Records supplied:
※ ※ ※

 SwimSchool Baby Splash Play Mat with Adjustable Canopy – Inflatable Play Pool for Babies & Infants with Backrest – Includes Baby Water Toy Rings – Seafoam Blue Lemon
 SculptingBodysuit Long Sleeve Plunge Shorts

※ ※ ※

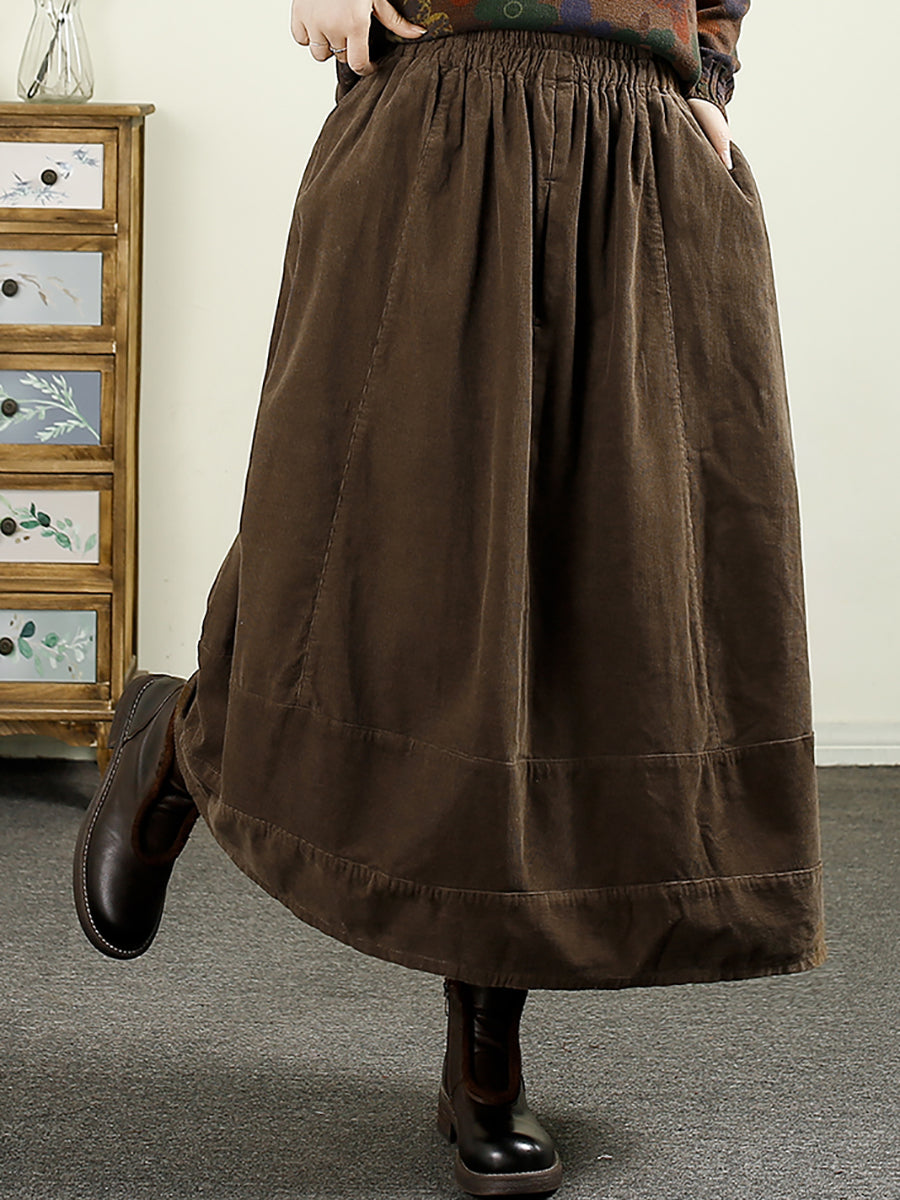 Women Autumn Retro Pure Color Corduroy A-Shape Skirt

※ ※ ※

Activity:
There is a run of lines above from the one with "SwimSchool Baby Splash" to the one with "SculptingBodysuit Long Sleeve Plunge Shorts"; print exactly that run, both ends included, and nothing else.

Task result:
 SwimSchool Baby Splash Play Mat with Adjustable Canopy – Inflatable Play Pool for Babies & Infants with Backrest – Includes Baby Water Toy Rings – Seafoam Blue Lemon
 SculptingBodysuit Long Sleeve Plunge Shorts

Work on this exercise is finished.